Which lines of the entries below run from the one holding "Blackhead Remover Nose Face Mask" to the one holding "PODERM - TOE", inclusive? Set down exactly those lines and no others.

Source material |
--------------------

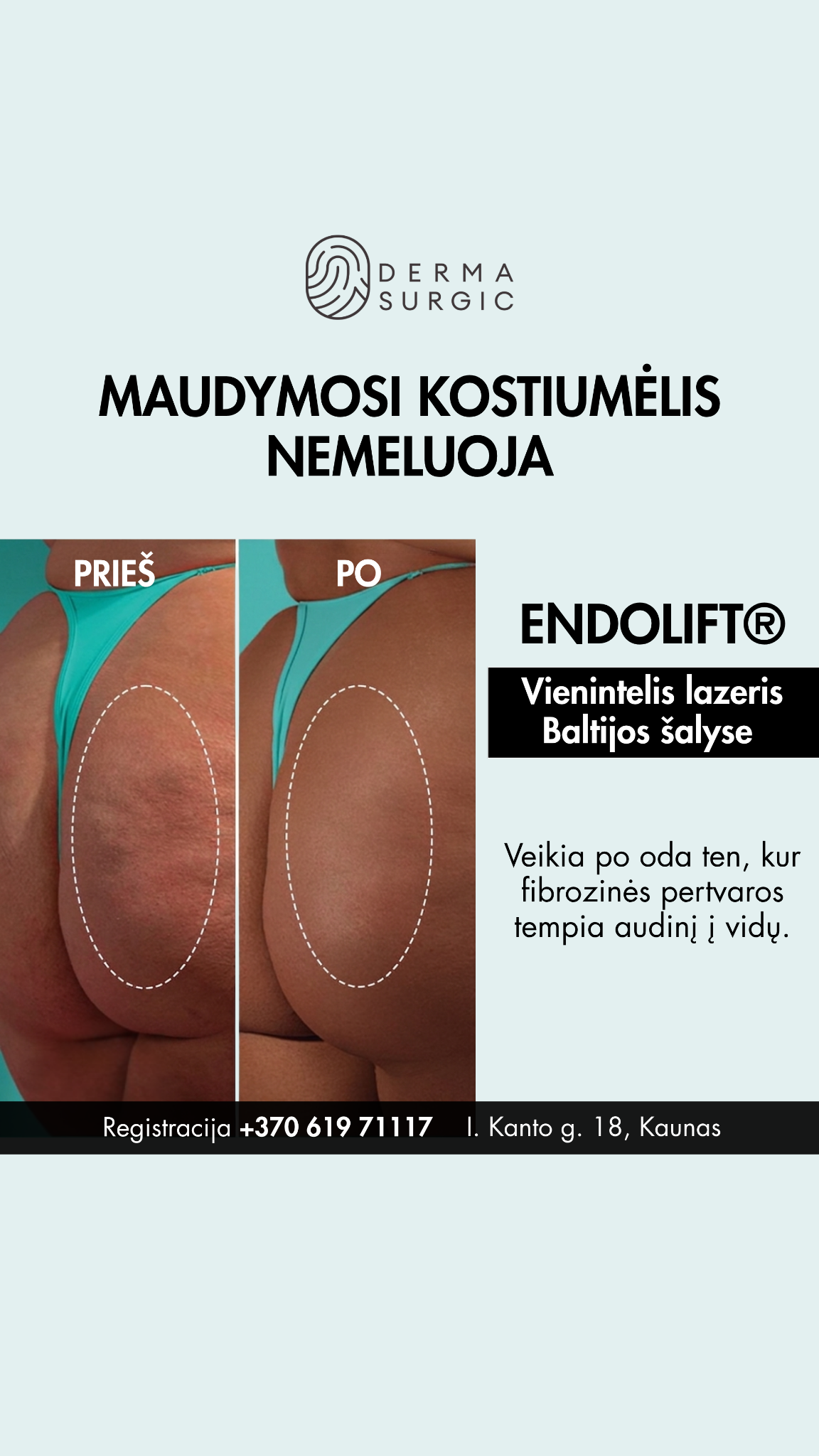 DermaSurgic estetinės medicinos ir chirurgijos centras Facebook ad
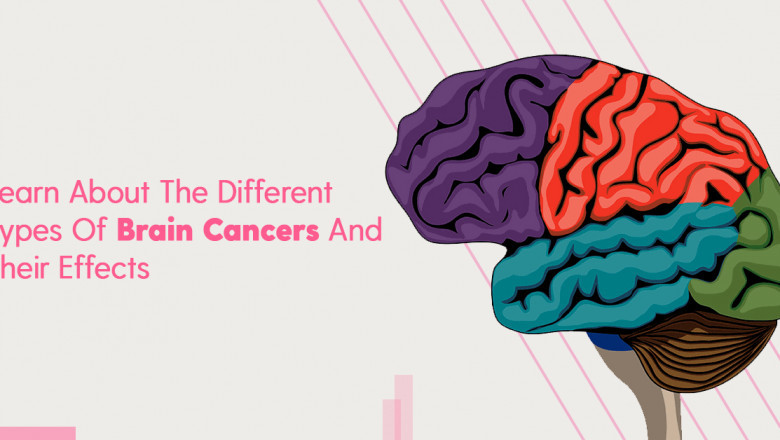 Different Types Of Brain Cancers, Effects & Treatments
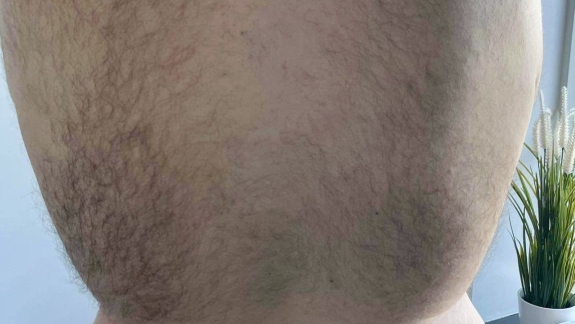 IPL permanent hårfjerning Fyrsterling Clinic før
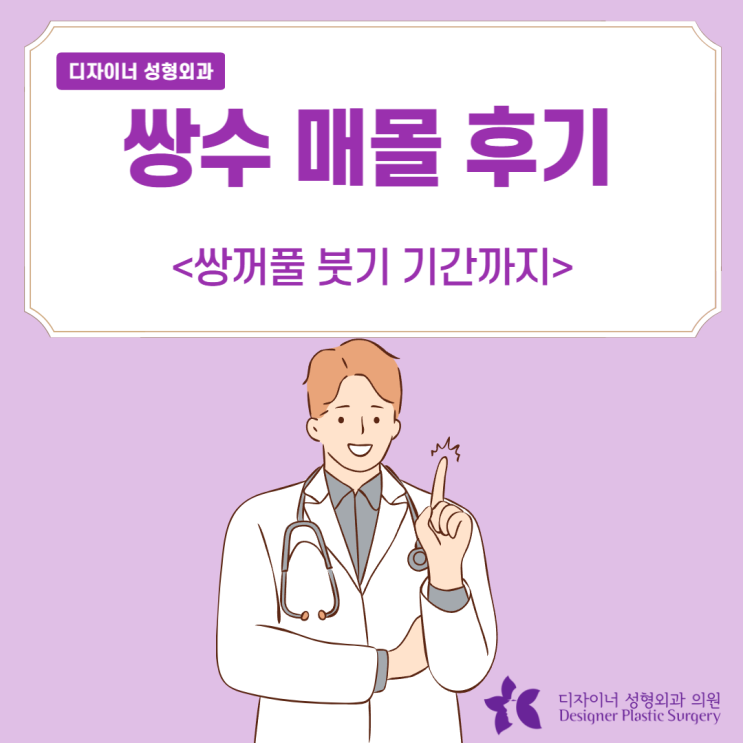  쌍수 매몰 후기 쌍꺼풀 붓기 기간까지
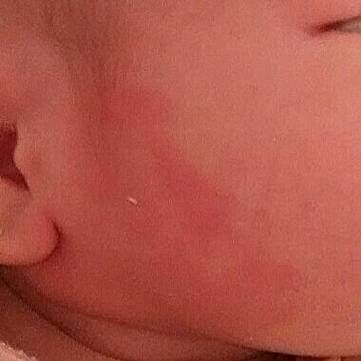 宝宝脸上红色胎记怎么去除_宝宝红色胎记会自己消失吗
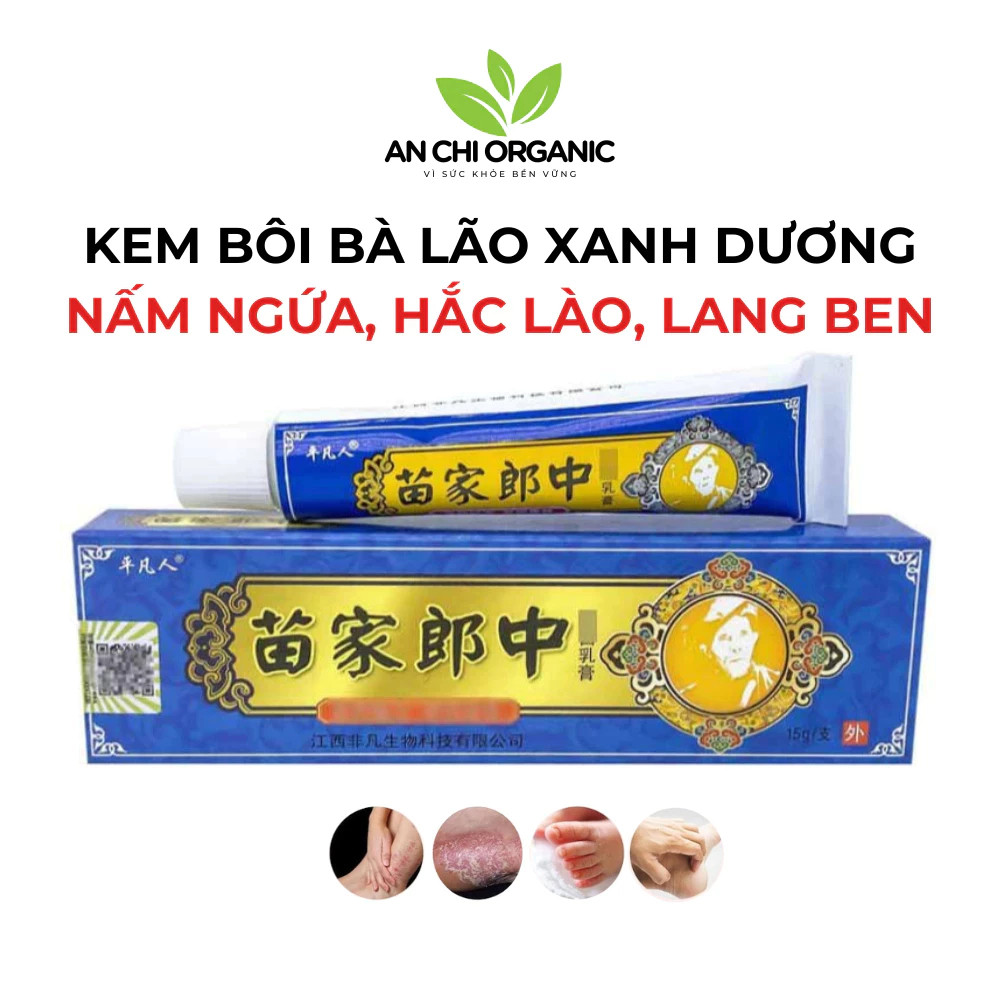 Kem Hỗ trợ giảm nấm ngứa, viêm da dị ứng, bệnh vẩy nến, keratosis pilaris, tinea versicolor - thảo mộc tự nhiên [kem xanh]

--------------------

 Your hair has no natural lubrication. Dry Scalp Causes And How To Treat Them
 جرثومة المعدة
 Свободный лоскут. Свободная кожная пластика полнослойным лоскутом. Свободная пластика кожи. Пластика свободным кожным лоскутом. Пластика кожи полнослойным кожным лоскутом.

--------------------

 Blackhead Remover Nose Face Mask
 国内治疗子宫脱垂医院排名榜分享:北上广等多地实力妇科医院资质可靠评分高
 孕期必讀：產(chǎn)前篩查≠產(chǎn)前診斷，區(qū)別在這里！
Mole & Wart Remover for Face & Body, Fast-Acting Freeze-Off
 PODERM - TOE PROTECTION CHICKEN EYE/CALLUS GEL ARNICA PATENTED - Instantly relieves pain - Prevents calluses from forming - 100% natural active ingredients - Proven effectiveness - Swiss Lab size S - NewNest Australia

--------------------

Reply |
 Blackhead Remover Nose Face Mask
 国内治疗子宫脱垂医院排名榜分享:北上广等多地实力妇科医院资质可靠评分高
 孕期必讀：產(chǎn)前篩查≠產(chǎn)前診斷，區(qū)別在這里！
Mole & Wart Remover for Face & Body, Fast-Acting Freeze-Off
 PODERM - TOE PROTECTION CHICKEN EYE/CALLUS GEL ARNICA PATENTED - Instantly relieves pain - Prevents calluses from forming - 100% natural active ingredients - Proven effectiveness - Swiss Lab size S - NewNest Australia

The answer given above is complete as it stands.